12th Dec 2020, 1:05 PM

RD:programmer

4 Answers

+ 3

In C, int/int always yields an int. fractional part is discarded. example. 1/2 evaluates to 0 not 0.5 because part after decimal point is discarded. if either operand of / is double another operand will be promoted to double type and expression will yield double value. example. 1.0 / 2 results in 0.5 For your code: use 0.5 (double) instead of 1/2 or use explicit type casting : (double) 1/ 2 * x * y; Also it'll be better if you declare x and y to be double instead of int. do not forget to change format specifiers accordingly for scanf and print statements.

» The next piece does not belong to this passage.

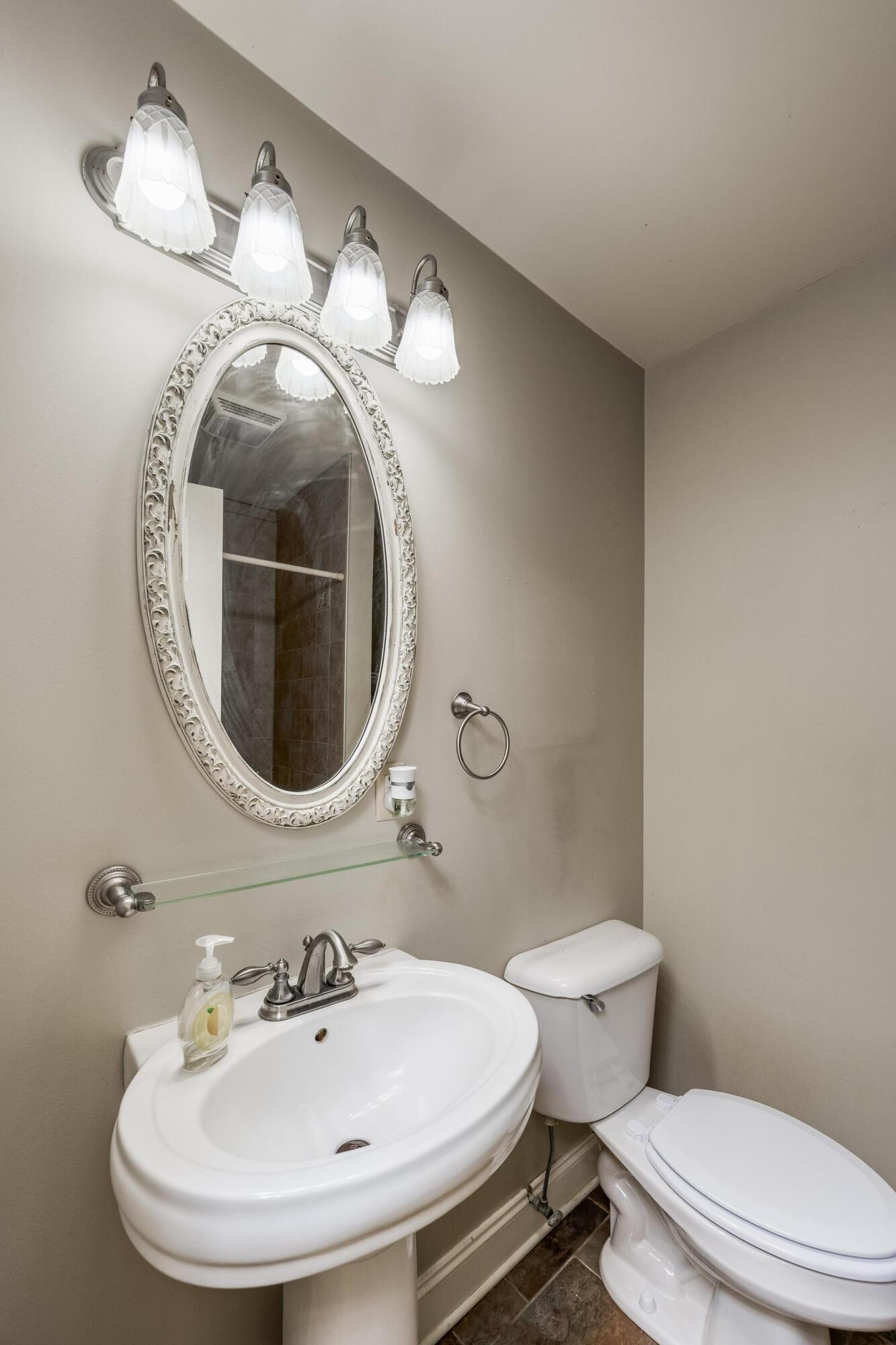 5715 Edgmon Road, Ooltewah, Tennessee image 32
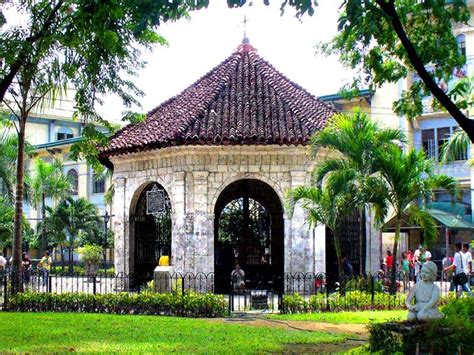 The Magellan's Cross – a Part of the History of Cebu | Travel to the Philippines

Change the return type of function area , otherwise return value will be casted to int causing loss of fractional part.

12th Dec 2020, 1:20 PM

🇮🇳Omkar🕉

+ 1

#include <stdio.h> int area(int x,int y); int main() { int x; int y; scanf("%d %d",&x,&y); int a= area(x,y); printf("the area of rhombus is :\n %d ", a); return 0; } int area(int x,int y) { return ((1.0f/2) * (x*y)); }

12th Dec 2020, 1:16 PM

Flash

+ 1

Hey Mr. Unknown Your code is all right just take multiplication of 'x' and 'y' in brackets x=(x*y)/2; like this but as you declared x is an integer so area will only prints integer. I suggest to declare 'x' as float. HAPPY CODING 😀!

12th Dec 2020, 1:27 PM

Giriraj Yalpalwar